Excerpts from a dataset
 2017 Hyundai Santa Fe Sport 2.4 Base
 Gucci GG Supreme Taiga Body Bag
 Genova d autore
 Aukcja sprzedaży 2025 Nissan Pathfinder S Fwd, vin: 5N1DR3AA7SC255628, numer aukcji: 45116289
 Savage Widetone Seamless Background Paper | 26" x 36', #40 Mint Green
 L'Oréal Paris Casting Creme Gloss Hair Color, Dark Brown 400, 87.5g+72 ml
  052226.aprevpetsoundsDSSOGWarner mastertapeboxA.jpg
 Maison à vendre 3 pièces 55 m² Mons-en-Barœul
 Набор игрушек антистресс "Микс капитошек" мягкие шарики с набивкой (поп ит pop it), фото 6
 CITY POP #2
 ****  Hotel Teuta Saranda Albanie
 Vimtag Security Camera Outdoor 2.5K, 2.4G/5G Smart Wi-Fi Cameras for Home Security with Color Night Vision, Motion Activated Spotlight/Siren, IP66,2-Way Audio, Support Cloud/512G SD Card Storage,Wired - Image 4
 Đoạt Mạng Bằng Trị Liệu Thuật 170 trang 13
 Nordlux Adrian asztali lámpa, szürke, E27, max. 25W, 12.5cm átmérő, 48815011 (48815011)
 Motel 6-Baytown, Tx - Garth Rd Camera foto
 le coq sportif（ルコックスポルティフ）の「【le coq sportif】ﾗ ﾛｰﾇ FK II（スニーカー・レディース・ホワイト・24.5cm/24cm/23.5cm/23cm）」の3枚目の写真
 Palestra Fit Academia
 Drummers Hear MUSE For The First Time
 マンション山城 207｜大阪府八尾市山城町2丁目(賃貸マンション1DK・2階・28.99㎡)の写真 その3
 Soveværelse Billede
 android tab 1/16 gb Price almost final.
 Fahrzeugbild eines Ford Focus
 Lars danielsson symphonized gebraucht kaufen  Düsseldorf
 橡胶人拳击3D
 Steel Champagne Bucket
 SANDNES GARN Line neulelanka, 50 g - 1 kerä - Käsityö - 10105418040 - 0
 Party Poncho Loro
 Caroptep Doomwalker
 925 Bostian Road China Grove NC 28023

Exercise goal>
Look above and return each line of the records exactly, from the very first through the line with "052226.aprevpetsoundsDSSOGWarner mastertapeboxA.jpg", both included.

Exercise response>
 2017 Hyundai Santa Fe Sport 2.4 Base
 Gucci GG Supreme Taiga Body Bag
 Genova d autore
 Aukcja sprzedaży 2025 Nissan Pathfinder S Fwd, vin: 5N1DR3AA7SC255628, numer aukcji: 45116289
 Savage Widetone Seamless Background Paper | 26" x 36', #40 Mint Green
 L'Oréal Paris Casting Creme Gloss Hair Color, Dark Brown 400, 87.5g+72 ml
  052226.aprevpetsoundsDSSOGWarner mastertapeboxA.jpg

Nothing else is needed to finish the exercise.